The only source known today that makes reference to hobbits in any sort of historical context is the Denham Tracts by Michael Denham. More specifically, it appears in James Hardy's edition (London: Folklore Society, 1895), vol. 2, the second part of a two-volume set compiled from Denham's publications between 1846 and 1859. The text contains a long list of sprites and bogies, based on an older list, the Discovery of Witchcraft, dated 1584, with many additions and a few repetitions.
The term hobbit is listed in the context of "boggleboes, bogies, redmen, portunes, grants, hobbits, hobgoblins, brown-men, cowies, dunnies".

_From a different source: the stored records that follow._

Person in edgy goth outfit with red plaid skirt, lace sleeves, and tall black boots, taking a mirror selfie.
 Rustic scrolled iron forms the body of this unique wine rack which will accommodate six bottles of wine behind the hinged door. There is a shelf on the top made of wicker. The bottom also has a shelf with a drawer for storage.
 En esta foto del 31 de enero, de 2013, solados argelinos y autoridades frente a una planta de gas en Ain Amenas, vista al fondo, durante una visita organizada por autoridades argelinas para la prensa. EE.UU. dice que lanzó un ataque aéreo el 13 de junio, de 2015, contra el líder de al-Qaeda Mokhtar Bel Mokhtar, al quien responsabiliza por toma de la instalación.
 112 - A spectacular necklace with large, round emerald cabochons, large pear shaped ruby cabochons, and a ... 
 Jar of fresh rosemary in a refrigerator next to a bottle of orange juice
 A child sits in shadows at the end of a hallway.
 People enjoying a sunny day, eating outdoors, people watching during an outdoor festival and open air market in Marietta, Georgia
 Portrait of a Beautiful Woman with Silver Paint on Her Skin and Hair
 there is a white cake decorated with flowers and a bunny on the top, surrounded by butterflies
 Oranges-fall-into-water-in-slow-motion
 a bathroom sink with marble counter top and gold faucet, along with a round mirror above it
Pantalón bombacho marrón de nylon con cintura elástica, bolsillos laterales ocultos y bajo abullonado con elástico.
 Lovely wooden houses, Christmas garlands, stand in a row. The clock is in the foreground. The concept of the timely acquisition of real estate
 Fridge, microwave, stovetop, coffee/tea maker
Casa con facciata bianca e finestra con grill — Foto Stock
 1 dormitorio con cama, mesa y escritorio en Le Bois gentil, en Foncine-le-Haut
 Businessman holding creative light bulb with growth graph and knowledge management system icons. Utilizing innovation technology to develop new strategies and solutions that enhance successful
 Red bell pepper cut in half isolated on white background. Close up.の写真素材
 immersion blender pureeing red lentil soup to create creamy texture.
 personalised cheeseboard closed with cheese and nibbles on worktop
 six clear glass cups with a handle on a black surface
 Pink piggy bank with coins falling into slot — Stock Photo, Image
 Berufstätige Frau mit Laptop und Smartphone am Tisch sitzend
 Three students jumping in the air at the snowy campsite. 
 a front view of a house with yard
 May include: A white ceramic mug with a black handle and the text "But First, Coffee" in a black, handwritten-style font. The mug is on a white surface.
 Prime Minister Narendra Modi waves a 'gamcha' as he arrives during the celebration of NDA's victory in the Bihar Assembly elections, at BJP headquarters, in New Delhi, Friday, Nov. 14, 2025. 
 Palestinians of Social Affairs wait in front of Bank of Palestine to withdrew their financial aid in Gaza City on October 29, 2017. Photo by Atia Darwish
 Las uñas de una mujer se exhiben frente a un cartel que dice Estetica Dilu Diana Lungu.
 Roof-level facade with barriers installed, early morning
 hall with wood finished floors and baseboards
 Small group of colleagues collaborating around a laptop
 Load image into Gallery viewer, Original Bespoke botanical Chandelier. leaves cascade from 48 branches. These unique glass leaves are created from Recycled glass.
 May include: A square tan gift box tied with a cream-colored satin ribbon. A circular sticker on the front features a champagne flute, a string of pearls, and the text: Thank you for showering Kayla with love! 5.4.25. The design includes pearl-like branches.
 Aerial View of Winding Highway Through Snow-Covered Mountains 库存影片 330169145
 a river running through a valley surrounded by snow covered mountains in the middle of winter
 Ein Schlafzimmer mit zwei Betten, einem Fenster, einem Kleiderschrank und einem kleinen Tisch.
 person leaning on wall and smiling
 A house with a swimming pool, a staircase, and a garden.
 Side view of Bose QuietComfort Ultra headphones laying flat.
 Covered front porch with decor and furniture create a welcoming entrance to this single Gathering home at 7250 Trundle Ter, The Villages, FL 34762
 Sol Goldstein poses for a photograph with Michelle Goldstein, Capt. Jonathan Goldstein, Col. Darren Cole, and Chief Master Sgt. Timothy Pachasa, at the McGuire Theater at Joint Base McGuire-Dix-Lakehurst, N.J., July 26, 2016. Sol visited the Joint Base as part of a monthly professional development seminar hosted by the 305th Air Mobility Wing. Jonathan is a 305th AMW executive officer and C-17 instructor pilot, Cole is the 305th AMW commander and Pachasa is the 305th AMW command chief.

The Tolkien researcher Mark T. Hooker catalogues a number of words with a silhouette similar to hobbit, including:

| Word | Meaning |
|---|---|
| hobit | a type of artillery piece; howitzer is a related word |
| hōbid | Old Saxon for "head" |
| hobaid | (anglicised hobbit) an Old Welsh measure of grain |
| hobet | variant of hobby, a small falcon species, Falco subbuteo |
| habit | In the Welsh fable Hanner Dyn, the title character's name means "half man"; the character is a personification of the force of habit |
| Hobith | The name of one of the "home gods" in The Gods of Pegāna by Lord Dunsany |

Hooker fails to find any of them "an unambiguous source for the Hobbits of Middle-earth".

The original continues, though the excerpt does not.